* INSTRUCTIONS FOR THE TASK: Go through the data below and return each line where the string "that" occurs.

# # # # #

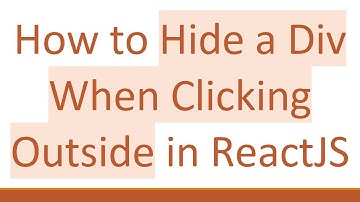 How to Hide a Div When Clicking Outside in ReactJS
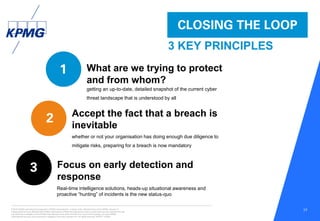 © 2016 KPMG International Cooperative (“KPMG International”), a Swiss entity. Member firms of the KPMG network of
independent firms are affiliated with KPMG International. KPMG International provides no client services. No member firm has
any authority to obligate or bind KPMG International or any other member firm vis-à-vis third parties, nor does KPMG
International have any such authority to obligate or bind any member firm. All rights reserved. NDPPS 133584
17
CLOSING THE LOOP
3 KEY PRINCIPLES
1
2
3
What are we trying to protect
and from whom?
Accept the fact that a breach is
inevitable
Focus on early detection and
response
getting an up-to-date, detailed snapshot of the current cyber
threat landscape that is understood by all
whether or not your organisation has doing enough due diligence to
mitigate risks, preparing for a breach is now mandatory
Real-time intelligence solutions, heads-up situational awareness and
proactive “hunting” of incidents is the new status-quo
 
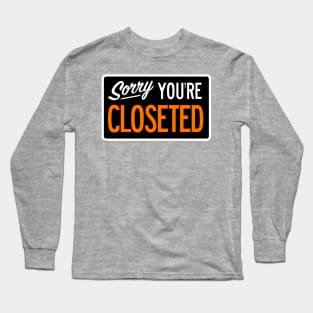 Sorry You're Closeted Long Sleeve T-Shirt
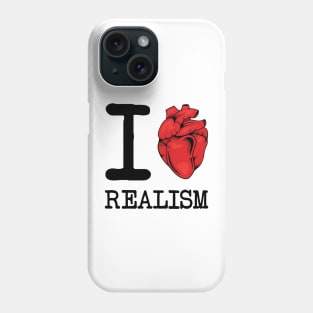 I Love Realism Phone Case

# # # # #

* EXERCISE RESPONSE:
Accept the fact that a breach is
threat landscape that is understood by all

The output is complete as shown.